Tuesday, May 27, 2008

The good life

Tim and I frequently marvel at the difference in travel between our own childhoods and our children's. Tim was ten years old before he ever flew on an airplane. I was only three, but that's still significantly older than both of our children. Clare was three months, and Danny a mere three weeks when they began earning frequent flier miles - emphasis on frequent. While we flew perhaps once a year, our kids now fly at least four times a year, and usually more. With grandparents on opposite sides of the country, air travel is naturally a part of our lifestyles, and we feel blessed that we are able to make the trips that we do. It helps that our families make the receiving end so worthwhile!
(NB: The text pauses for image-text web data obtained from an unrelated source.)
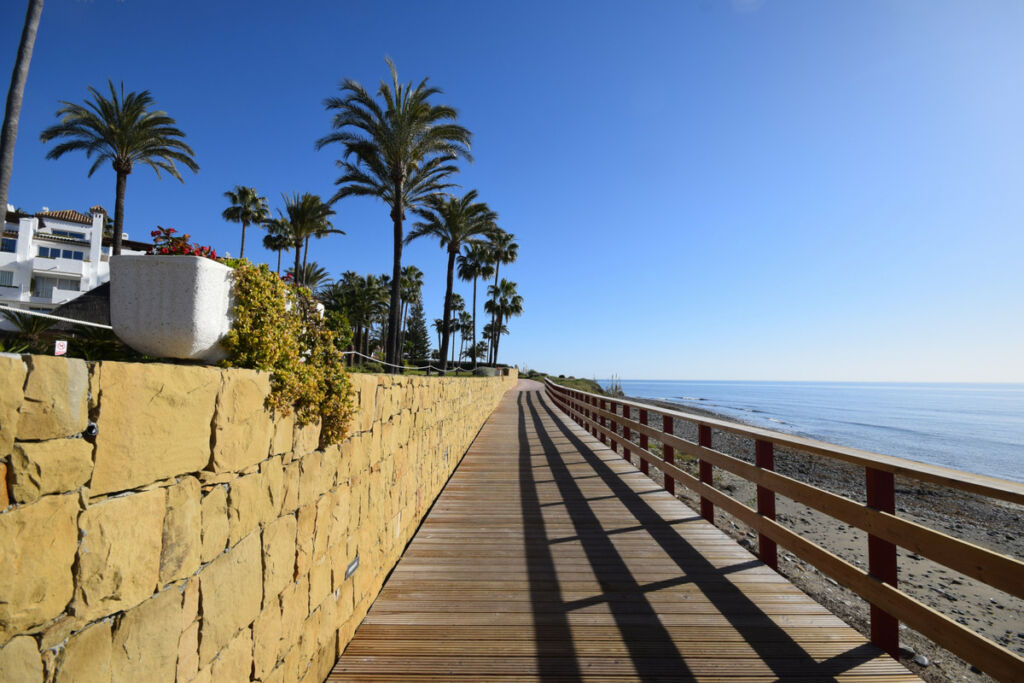 Middle Floor Apartment Estepona Málaga - image 25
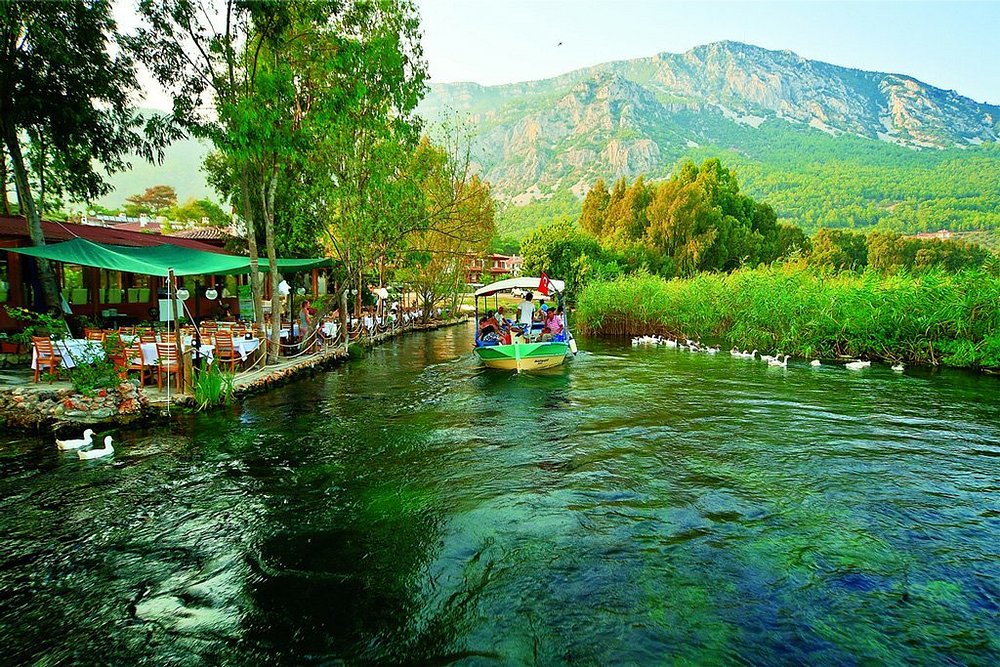 Azmak Nehri (Kadın Azmağı)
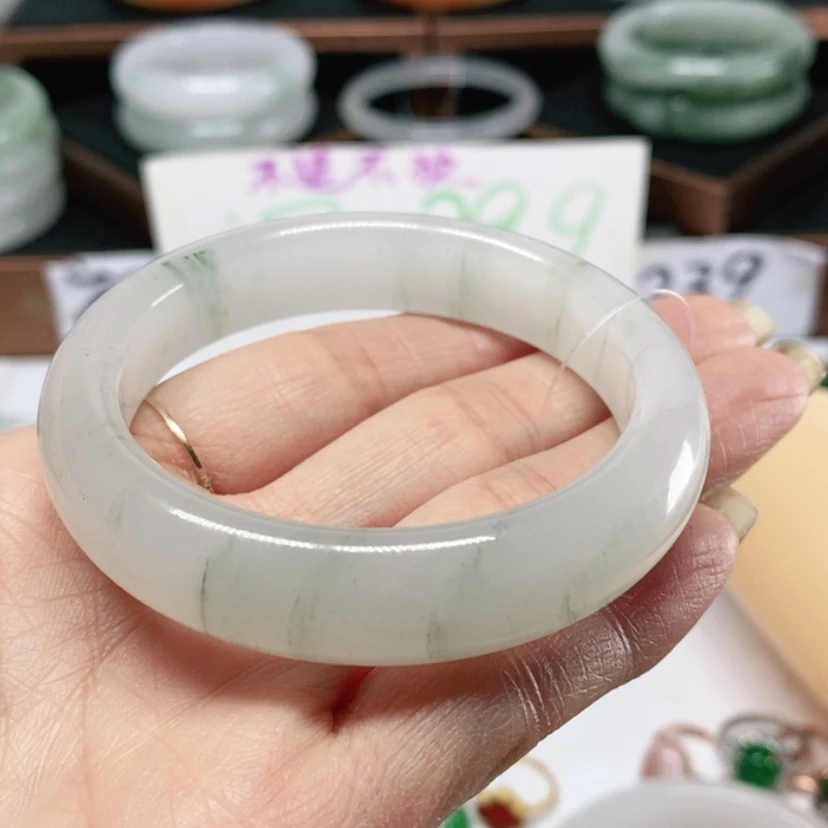 【闪购商品】石英质玉手镯未镶嵌程***锦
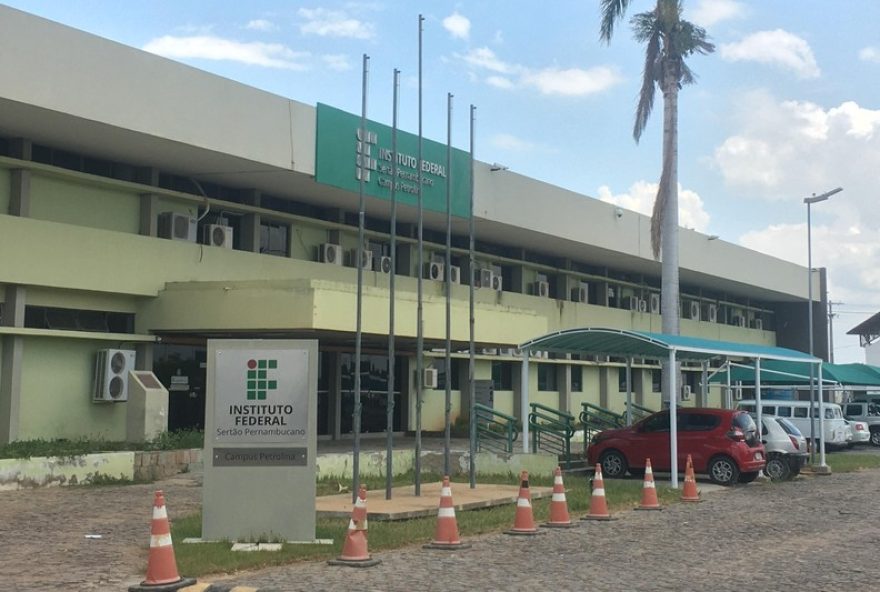 cursos-gratuitos-para-criancas-de-7-a-10-anos-no-ifsertaope-campus-petrolina3A-inscreva-se-agora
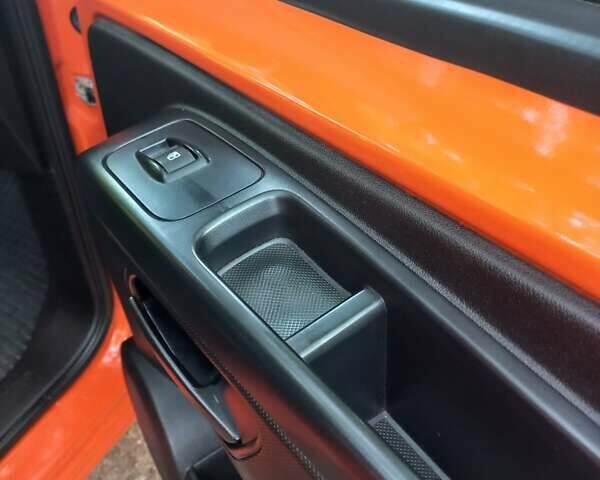 Оранжевый Фиат Кубо, объемом двигателя 1.3 л и пробегом 190 тыс. км за 7899 $, фото 25 на Automoto.ua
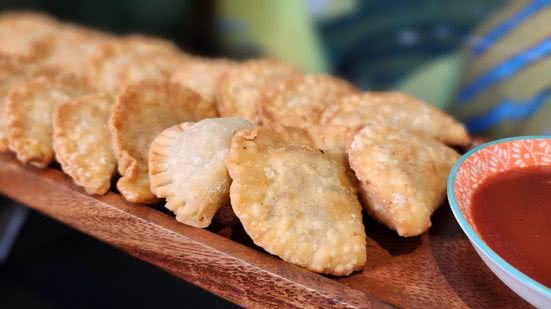 Imagem Cinema com pipoca, pastel e vinho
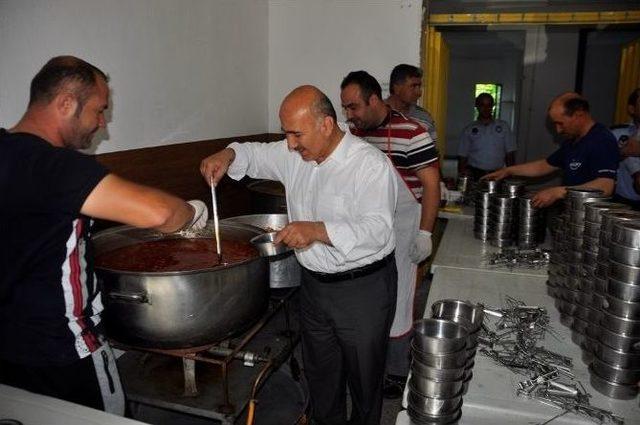 Bayat Belediyesi&rsquo;nden 350 Aileye Sıcak Yemek 1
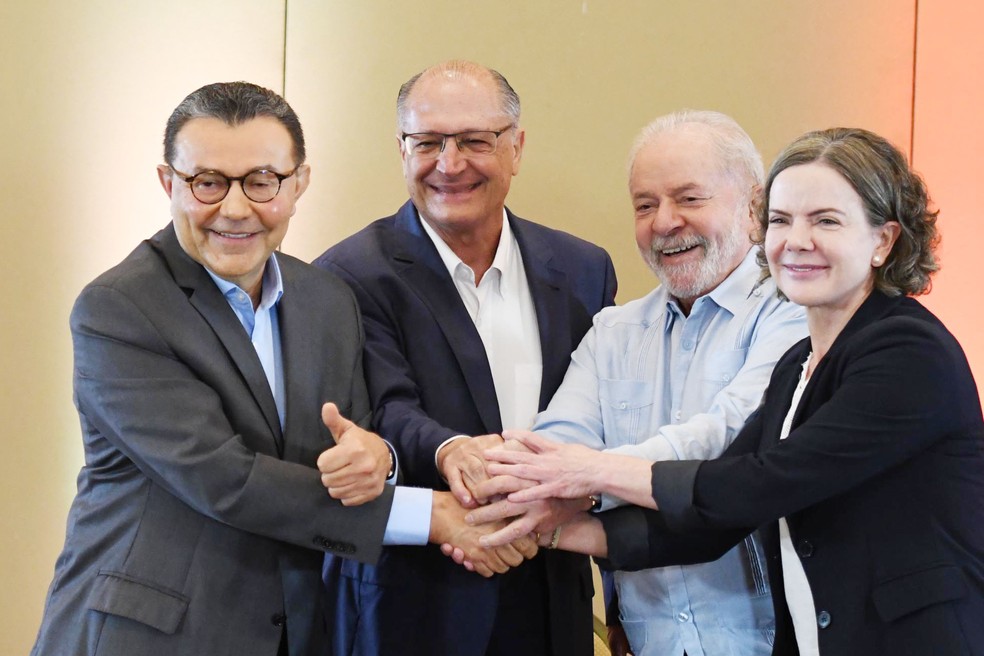 Carlos Siqueira, Alckmin, Lula e Gleisi Hoffmann de mãos dadas nesta sexta (8) — Foto: ANDRÉ RIBEIRO/FUTURA PRESS/ESTADÃO CONTEÚDO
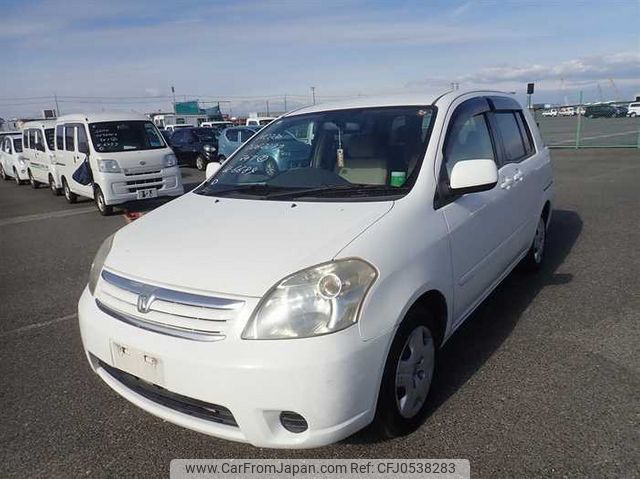 toyota raum 2004 22726 image 2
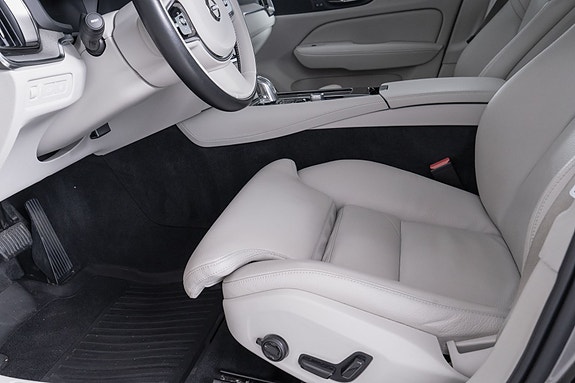 Volvo V60 17 of 30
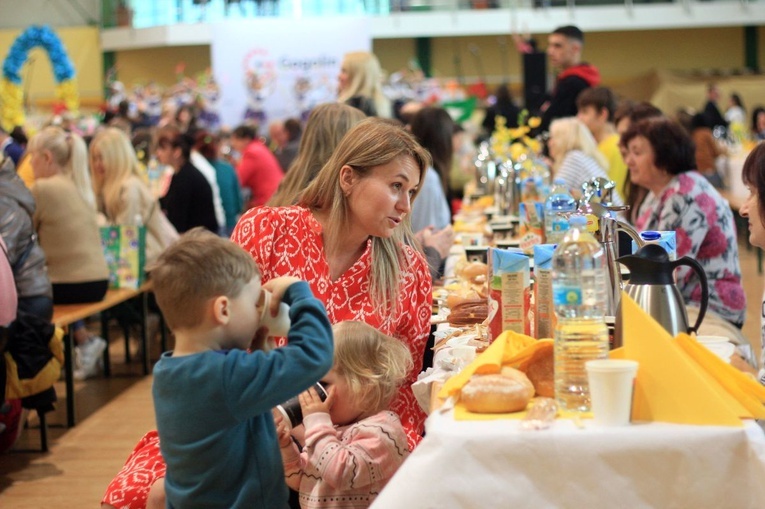 Śniadanie wielkanocne dla goszczących w gminie Gogolin uchodźców z Ukrainy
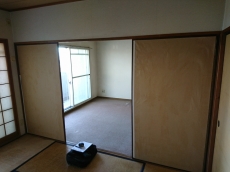 電気をつくるときに出た熱でお湯を沸かす。電気も作りすぎないように自動で調節する。それがエネファームのエコシステムです。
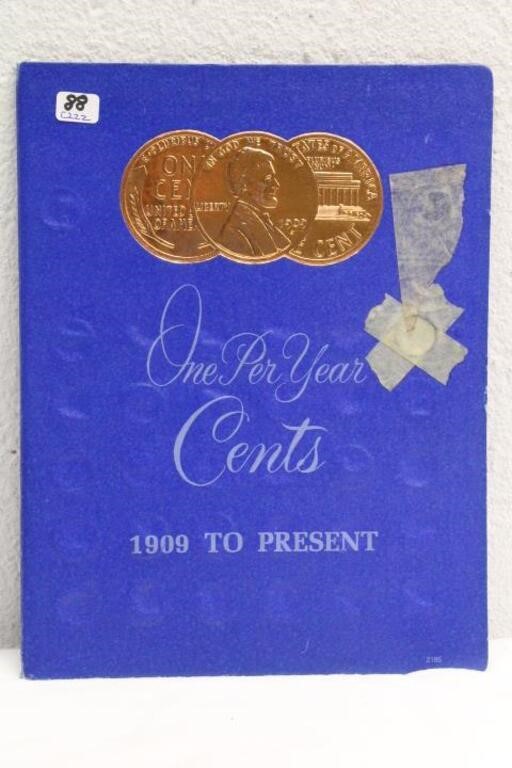 LINCOLN CENT COIN COLLECTION SET IN FOLDER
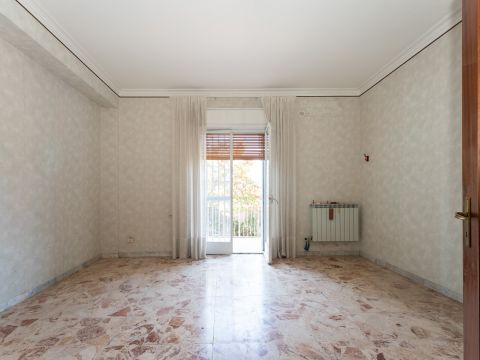 Via J. F. Kennedy, 23 - Sant'agata Li Battiati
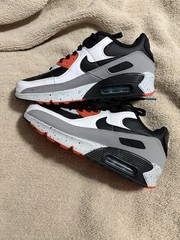 Nike Air Max 90 Black White and Red with Speckled Midsole Youth 6.5y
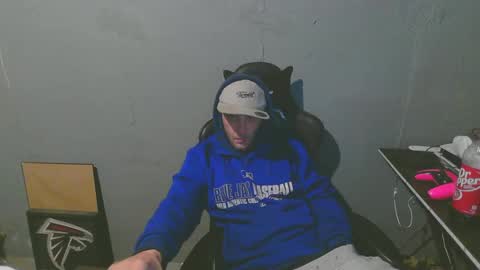 Snapshot of stonedpanda77 chatting on December 15, 5:34 am stonedpanda77 online show from December 15, 5:34 am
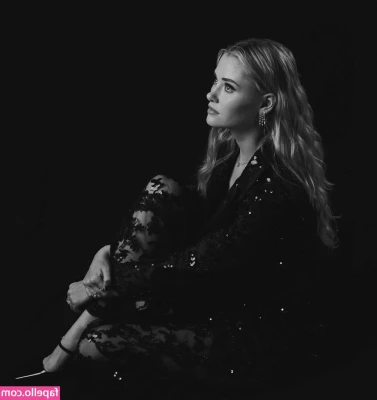 Virginia Gardner [ virginia-gardner ] - Ass or soles?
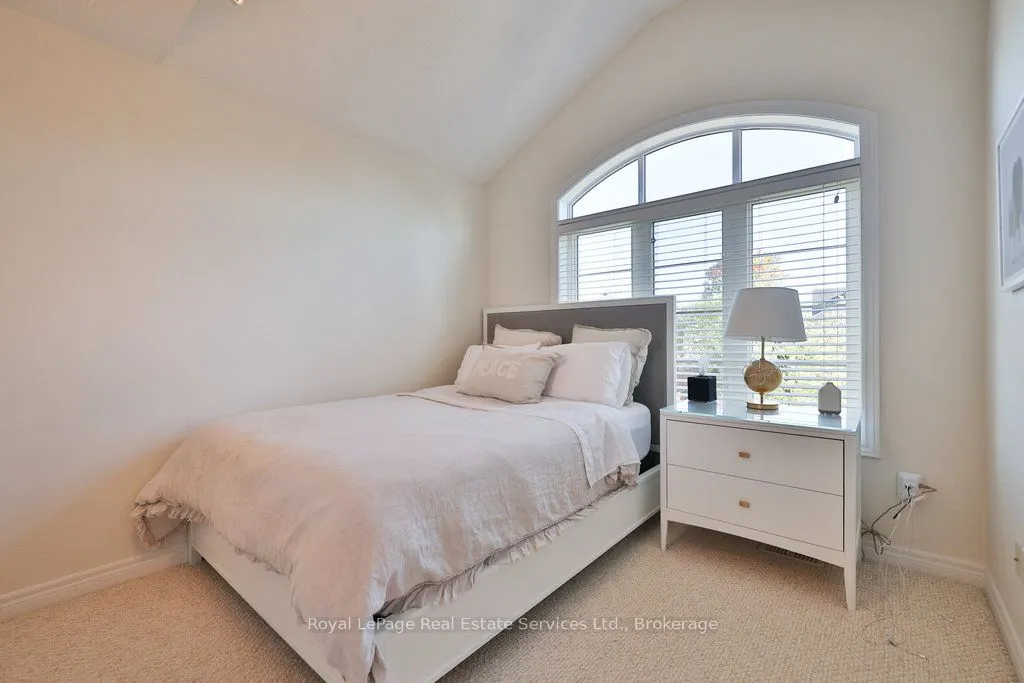 3294 Robert Brown Boulevard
Case in point is the Park Country Club in Buffalo, where both Clare and Danny have been privileged to attend since their infancies. Danny made his debut at his Aunt Karen and Uncle Brian's wedding when he was three weeks old, but yesterday's visit was obviously the more memorable (for him). We had planned to go to the Park Club for dinner as the grand finale to a fun, full, family weekend celebrating Grandma's/Donna's 65th birthday. The outing didn't start out auspiciously, however, as Danny awoke from a long, deep nap in a horrific mood. Anything and everything had him in inconsolable hysterics. Until Daddy said the magic words: "golf club." The speed with which Danny raced to be the first to the car was impressive, and from there on out he was a delightful little chap. (It helped that both Grandpa and Daddy took him on walks around the terrace overlooking the 18th green.) Meanwhile, Clare decided that the Park Club is her favorite restaurant in Buffalo, because she got to have the salad bar and then the sundae bar for dinner. In fact, she declared herself to be "a Park Club girl," at which point Tim simply whispered to himself his ongoing mantra: Just work harder, Tim.

Tuesday, May 20, 2008


Amy, Jennifer and I have a dirty little secret. While we extol the virtues of our preschoolers learning a second language, there's a much more base rationale behind signing them up for Spanish for Kids every Tuesday: they stay later at school. As a result, we get to have long, sometimes leisurely (today notwithstanding, thanks to Danny) lunches together. It's a terrific tradition that we started last year, and today was the last one of the year. We each start out the day with a workout, thereby earning our lunch. Amy and I typically take to the trail while Jennifer goes to her fancy gym, and then we meet up to a) have Jennifer weigh in on whatever "pressing concerns" we discussed while walking, and b) get caught up on the stories she has been storing up for us - she's always got at least one! Danny and "my Parker," as he refers to him, meanwhile crack each other up, make eyes at all three of us, and generally enjoy the attentions of three mommies without sharing the limelight with the older siblings. In other words, it's a win-win for all. Oh yeah, and the older kids can sing some vowel song in Spanish...

Saturday, May 17, 2008

Guardian Angel

While yesterday's event at Christ the King was billed as a "meet the teacher" day, it wound up featuring a different highlight. Last week I received a phone call from a lovely little girl named Claire Gordon. She informed me that she was going to be Clare's Guardian Angel at Christ the King, and that she was looking forward to meeting us at the event on Friday. I had no idea how old she was. I had a vague recollection of this Guardian Angel program involving fifth graders. She was so self-possessed on the phone, and genuinely friendly, that it seemed she must be older. Not so much. In fact, she's only in fourth grade! However, as far as Clare is concerned, she hung the moon.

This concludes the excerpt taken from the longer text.